Not far from me was a little one-roomed squatter’s hut of wood, surrounded by a patch of potato garden. I struggled to my feet at last, and, crouching and making use of every chance of cover, I made a run for this. I hammered at the door, but I could not make the people hear (if there were any people inside), and after a time I desisted, and, availing myself of a ditch for the greater part of the way, succeeded in crawling, unobserved by these monstrous machines, into the pine woods towards Maybury.
Under cover of this I pushed on, wet and shivering now, towards my own house. I walked among the trees trying to find the footpath.
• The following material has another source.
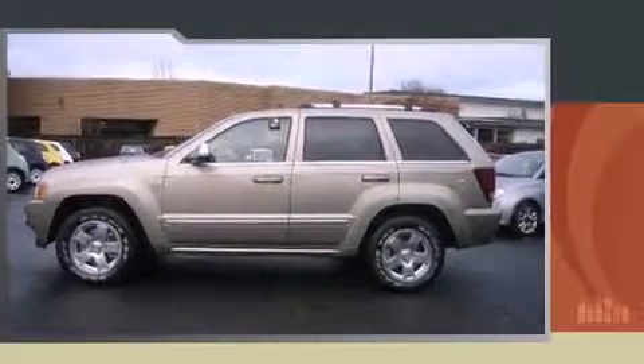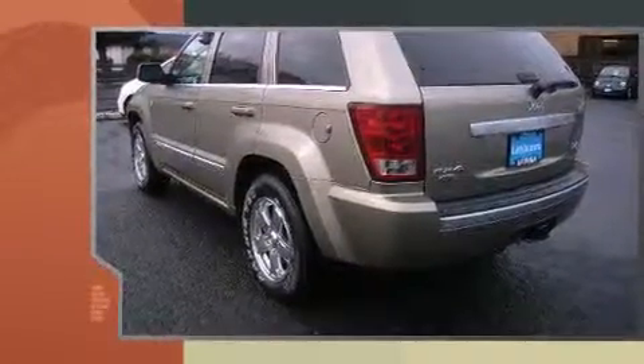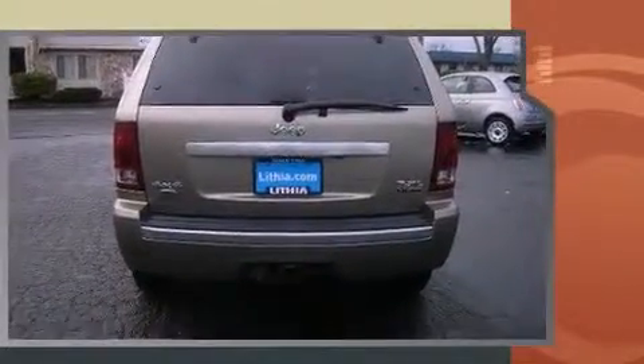Here's a great deal on a 2006 Jeep Grand Cherokee. Under the hood you'll find an eight-cylinder engine with more than 330 horsepower, and for added security, dynamic stability control supplements the drivetrain. Four-wheel drive allows you to go places you've only imagined.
It was very dark indeed in the wood, for the lightning was now becoming infrequent, and the hail, which was pouring down in a torrent, fell in columns through the gaps in the heavy foliage.
If I had fully realised the meaning of all the things I had seen I should have immediately worked my way round through Byfleet to Street Cobham, and so gone back to rejoin my wife at Leatherhead. But that night the strangeness of things about me, and my physical wretchedness, prevented me, for I was bruised, weary, wet to the skin, deafened and blinded by the storm.
I had a vague idea of going on to my own house, and that was as much motive as I had. I staggered through the trees, fell into a ditch and bruised my knees against a plank, and finally splashed out into the lane that ran down from the College Arms. I say splashed, for the storm water was sweeping the sand down the hill in a muddy torrent. There in the darkness a man blundered into me and sent me reeling back.
He gave a cry of terror, sprang sideways, and rushed on before I could gather my wits sufficiently to speak to him. So heavy was the stress of the storm just at this place that I had the hardest task to win my way up the hill. I went close up to the fence on the left and worked my way along its palings.
Near the top I stumbled upon something soft, and, by a flash of lightning, saw between my feet a heap of black broad- cloth and a pair of boots. Before I could distinguish clearly how the man lay, the flicker of light had passed. I stood over him waiting for the next flash. When it came, I saw that he was a sturdy man, cheaply but not shabbily dressed; his head was bent under his body, and he lay crumpled up close to the fence, as though he had been flung violently against it.